I’m really glad you like it, because it is not mentioned often just because it doesn’t fit in. It’s not a story. It’s a novel. “She’s not a novelist,” people said. But I worked very hard on it. And I thought it was really good.

I’m surprised that it doesn’t get mentioned more, because it’s truly excellent. I give it to many heartbroken friends as a gift.

You can imagine that it was based on an experience. And it started, really, as scenes. I will write something, whether it’s very small or that novel, if the material just interests me so much. All the observations in the novel, all the perceptions she has about this or that or all the strange things that go into it, it just interested me so much. I have to write about it.

But it started out as two different novels. I don’t know if I’ve talked about this anywhere before. I thought, I’ll write a story of this love affair. But then I was kind of bored by it as just a straight story of the love affair and the breakup. It just did not captivate me. At the same time, I started writing what I called Novel No. 2, which was about the process of writing Novel No. 1. And I kept Novel No. 2 a secret. My publisher was waiting for Novel No. 1. But I was at the same time writing Novel No. 2, and they didn’t know about that.
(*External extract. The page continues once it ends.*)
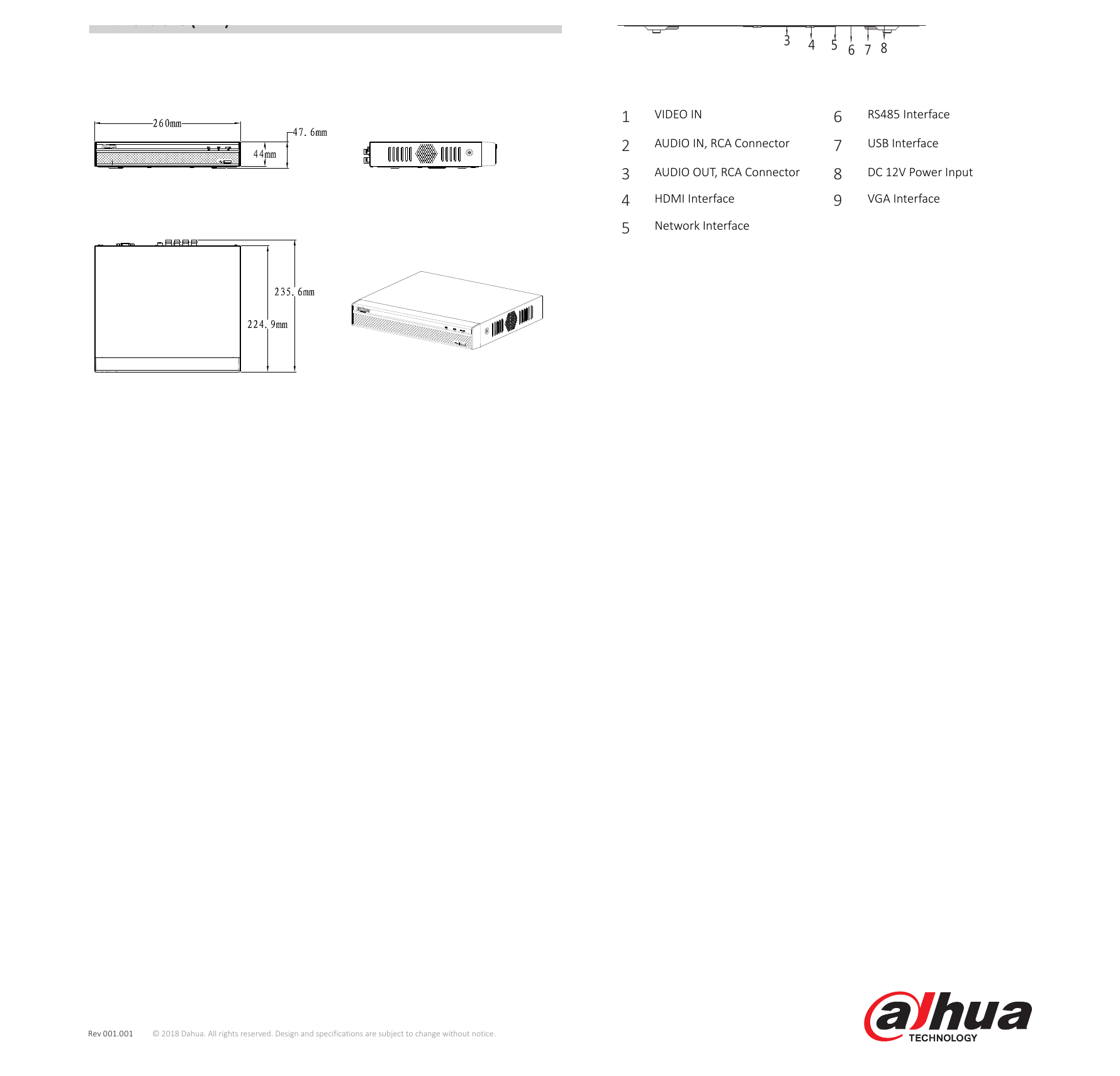 DH-XVR4108HS-X 外形尺寸圖 Compact 1U, 260×236×48mm(10.2"×9.3"×1.9")｜Unit: mm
And then Alan, who doesn’t usually play a crucial part in my work, strangely enough said, “If you’re kind of bored with that one, why don’t you write a second one that you don’t tell anyone about?” He guessed what I was already doing. He didn’t suggest it. I was already doing it. That was odd. And, at some point, I realized, Oh, I can merge them, and then I’ll be perfectly happy with Novel No. 1 because it serves the purposes of Novel No. 2.

A friend was disappointed that there wasn’t any sex in it. I just never wanted to have sex in it because it’s almost demanded: writing about this passionate love affair, you have to have the crucial central scene with very good sex. But I just never wanted to because it seemed so rote and so required and so uninteresting. So I had a sort of negative sex scene with a later lover who doesn’t do this and doesn’t do that, to imply all that went on in the other one. It amused me to do it that way, but my friend—well, he should have been more sophisticated and not disappointed in my sex scene.

I can remember the mood of the entire novel. But the detail I can visualize most clearly comes at the end, when the narrator feels the love affair is maybe finally over and is given a cup of tea by a stranger in a bookstore.

I wonder why.

I was hoping you could tell me.

I really didn’t know how to end the novel, until I thought of this grim, sad tea ceremony. The narrator is tired. She’s sitting in a bookstore for a tea ceremony, and although the tea is comforting, it isn’t very good. It’s strong, Lipton tea. But the gesture is comforting. So that can become the end. But it was very hard, especially since I had never written a novel. So how do you end it? And then what are the very last words of the ending? I labored over it.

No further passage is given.